Но вот уже и Яуза осталась позади со своей тихой мелкой темной водой, и Земляной Вал с тротуарами по обеим сторонам, отбойными тумбами, фонарями и ухоженными садами, за которыми видны были крепкие, где в один, а где и в два этажа дома. Широкая Николоямская легла под ноги, берущая чуть вправо у Николоямского переулка с церковью Николы на Ямах на углу, опоясанной железной оградой. Дальше, на углу с Малой Алексеевской, стояла церковь Алексия митрополита с куполом луковкой, наискось от нее, через улицу — пятикупольный Сергий Радонежский — словом, тут было кого попросить о заступничестве: и Николу-угодника, и чудотворца-митрополита, исцелившего от слепоты жену ордынского хана, и Сергия преподобного, великой доброты святого человека… Все святые, молите Бога о нас, грешных!

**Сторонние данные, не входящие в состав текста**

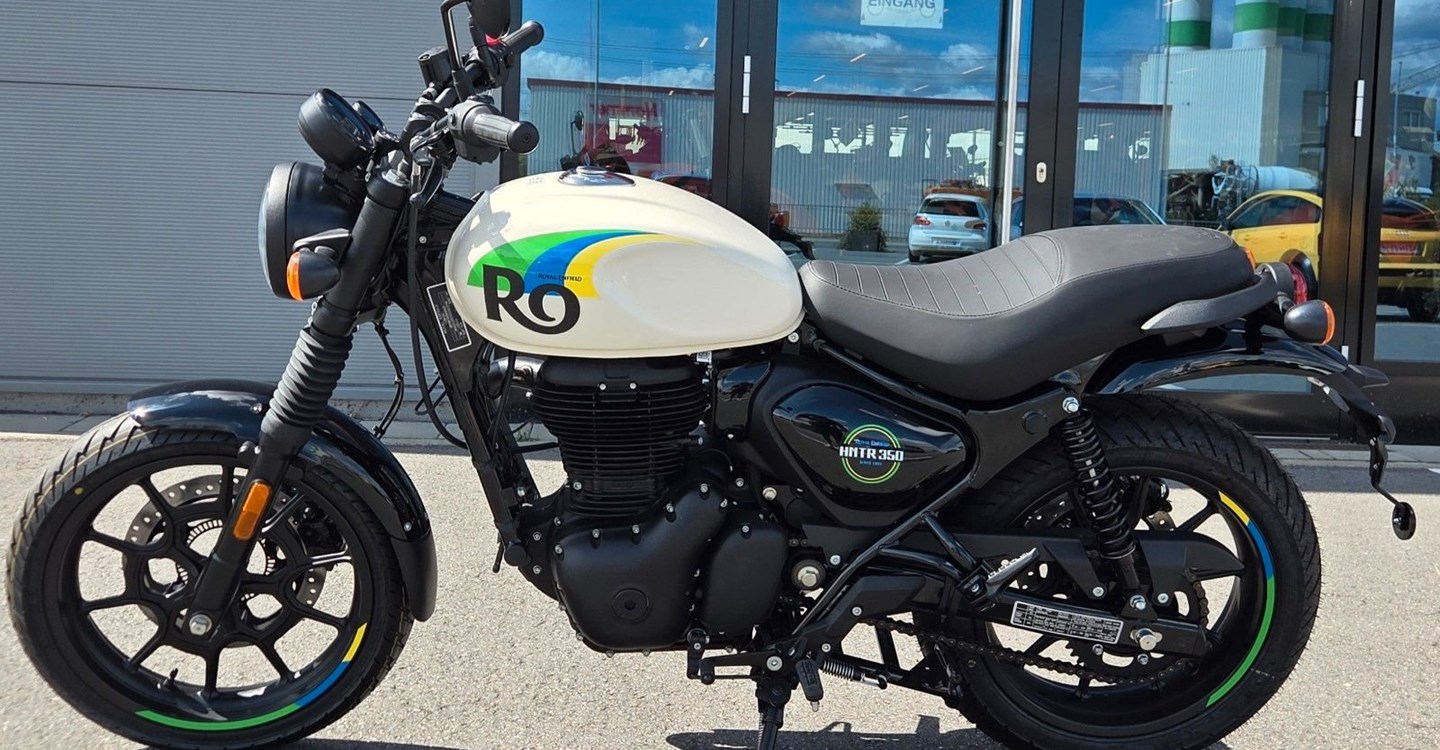 Angebot Royal Enfield HNTR 350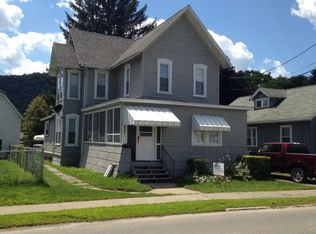 408 S Elmira St, Sayre, PA 18810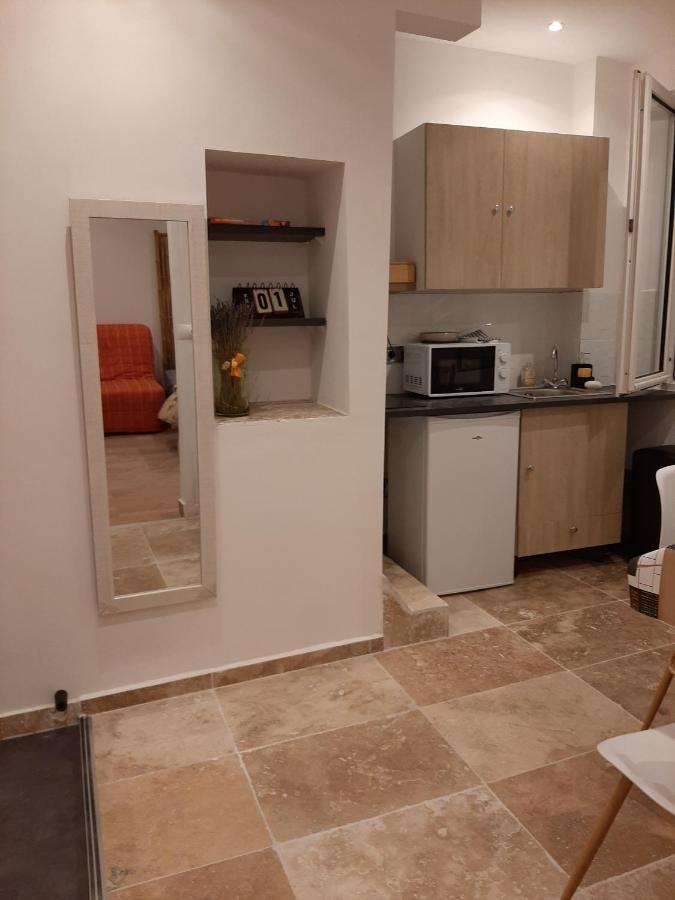 Avignon Studio Cosy Экстерьер фото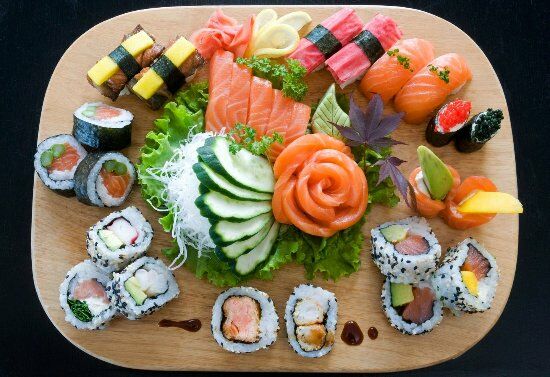 Heiwa Apart y Sushi Bar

За Николоямской, продолжая ее, потянулась Воронья улица. Почти в самом ее начале за пологими низкими холмами с петляющим по ним светло-желтым проселком видны были слева храмы и дома Рогожского старообрядческого поселка, с зелеными куполами и кровлями. Вот миновали полосатый верстовой столб с отдыхающими у его подножия перехожими людьми, и вот она — Рогожская застава, где за Камер-Коллежским валом хлопотами доктора Гааза выстроен был длинный, в один этаж, но просторный дом — последний московский привал перед выходом на Владимирку, последняя ночевка на московской земле, последняя щедрая московская милостыня, а дальше… Един Бог знает, что будет с человеком дальше. Но расстилается впереди, ведет в страну летнего незаходящего солнца и в долгую зимнюю ночь дальняя дорога — и пойдут, побредут друг за другом по краю Владимирки, а по устлавшему дорогу щебню покатят в обе стороны почтовые кареты, помчатся дилижансы с путешествующим народом: кто в гости, кто присмотреть местечко для жизни подалее от шумной Москвы, кто, напротив, из какого-нибудь захолустья искать счастья в старой столице, а может, и в самом Петербурге, но больше всего купцов, спешащих на Нижегородскую ярмарку, где близится время самых крупных торгов.
Встанут поодаль и тяжелым взглядом будут смотреть вслед темные леса, и только как бы выбежавшие вперед березовые рощи махнут бело-зеленым платочком: прощайте! прощайте! Торопится, спешит Россия, нахлестывает лошадей — покупать, продавать, играть свадьбы, крестить, погребать — и, поглощенная заботами, рассеянным взором скользнет по бредущим за высаженными вдоль тракта деревьями скованным людям. И лишь спустя некоторое время виноватое чувство примется тревожить сердце. Кто там, в той скорбной череде? Не сын ли мой, покинувший дом уже три года назад? Не брат ли, которому не помог я в его беде? Не дочь ли, за своевольный выбор изгнанная из семейного круга? Не старуха ли мать, кормившаяся подаянием? Не пришлец ли, которому я отказал в приюте? Не сирота ли, чаявший и не получивший от меня участия? И напрасно нашептывает успокаивающий голос, что все они там преступники и злодеи и бредут на каторгу или на поселение в трудах и слезах искупить свою вину. Ах, напрасно! Может, и виноваты. А мы перед ними — неужто безвинны? Разве не наше равнодушие погубило их? Не наша скупость? Не наш ли неправедный суд объявил невинного злодеем? Проносятся кареты, храпят, роняя кипенно-белую пену, лошади, тянутся обозы, всех разгоняя на своем пути, стремглав мчится фельдъегерь с важной депешей под тремя печатями в особой сумке, пулями летит из-под колес щебенка, а то вдруг частой гулкой дробью начнут выстукивать по настилу мостов копыта. Крикнуть бы им всем, всей России: постой! куда ты? Оберни любящее лицо к твоим несчастным и сохрани в них надежду, без которой ни одному человеку не выжить в этом мире.